BY LIN GRENSING-POPHAL

With claims of sexual harassment being levied against prominent figures in Hollywood, sports and industry, community banks are wise to ensure that they’re taking proactive steps to keep harassment out of their workplace, communicating effectively so all understand what harassment entails and how to report infractions, and responding quickly and appropriate to any allegations. What steps should you be taking, proactively, to avoid these claims? Input from HR and legal experts.

The Basics

Christopher W. Smithmyer, is a lawyer and strategic resource development coordinator at Brãv Online Conflict Management, a dispute resolution company. “The #MeToo movement is a result of bad social design for the last hundred or so years,” says Smithmyer. “Companies found it easier to hide instances of sexual abuse—as evidence in the Weinstein case and the Congressional slush fund—rather than deal with the problem. While the media is wringing their hands with the ‘what do we do’ mentality, the solution is quite simple. Have good corporate practices.” Those practices, says Smithmyer, should include:

  • Training to define what sexual harassment is within your corporate environment.
  • An HR person designated to deal with sexual harassment claims, with backup individuals to serve in this role if one of these people is the accused.
  • Dealing with any claims quickly and openly. Without naming the party, Smithmyer says, a statement at a meeting such as “We have had a claim of sexual harassment and this is how we are dealing with it,” can serve to empower others to come forward rather than staying silent.
  • Consider using a third party—e.g. conflict management service, or attorney—to deal with any claims.

Nance L. Schick is an employment attorney, arbitrator and mediator, and has also personally sued a prior employer for sexual harassment. It’s not enough just to have a policy, or to conduct training once a year, says Schick. “You will be more effective if you help employees identify sexual harassment and what causes it, how to report it, investigate it and take appropriate disciplinary action.”

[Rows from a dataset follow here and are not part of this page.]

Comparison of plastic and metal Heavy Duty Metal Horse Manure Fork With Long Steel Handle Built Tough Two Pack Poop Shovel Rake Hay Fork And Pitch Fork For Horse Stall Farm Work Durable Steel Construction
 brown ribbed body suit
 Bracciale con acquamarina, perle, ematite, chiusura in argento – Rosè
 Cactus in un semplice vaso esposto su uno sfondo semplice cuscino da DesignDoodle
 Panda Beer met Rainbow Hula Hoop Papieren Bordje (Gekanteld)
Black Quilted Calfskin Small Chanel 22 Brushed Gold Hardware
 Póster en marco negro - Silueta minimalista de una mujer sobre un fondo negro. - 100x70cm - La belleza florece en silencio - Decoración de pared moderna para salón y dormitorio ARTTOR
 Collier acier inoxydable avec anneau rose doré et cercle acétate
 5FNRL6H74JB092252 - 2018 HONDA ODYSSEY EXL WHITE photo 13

16Zero Tolerance: We Mean It!

Taking a strong stance against harassment is important and sends a message, loud and clear, about the community bank’s commitment to a harassment-free work environment. “We advise community banks to implement zero tolerance anti-harassment and anti-discrimination policies, which are adhered to in all circumstances,” says Kimberly Capadona, a partner at Archer, and advises clients on employment law and labor relations issues. These policies, she says, should be distributed to all employees through email, or hard copy—and employees should be asked to sign an acknowledge that the policy and received and reviewed.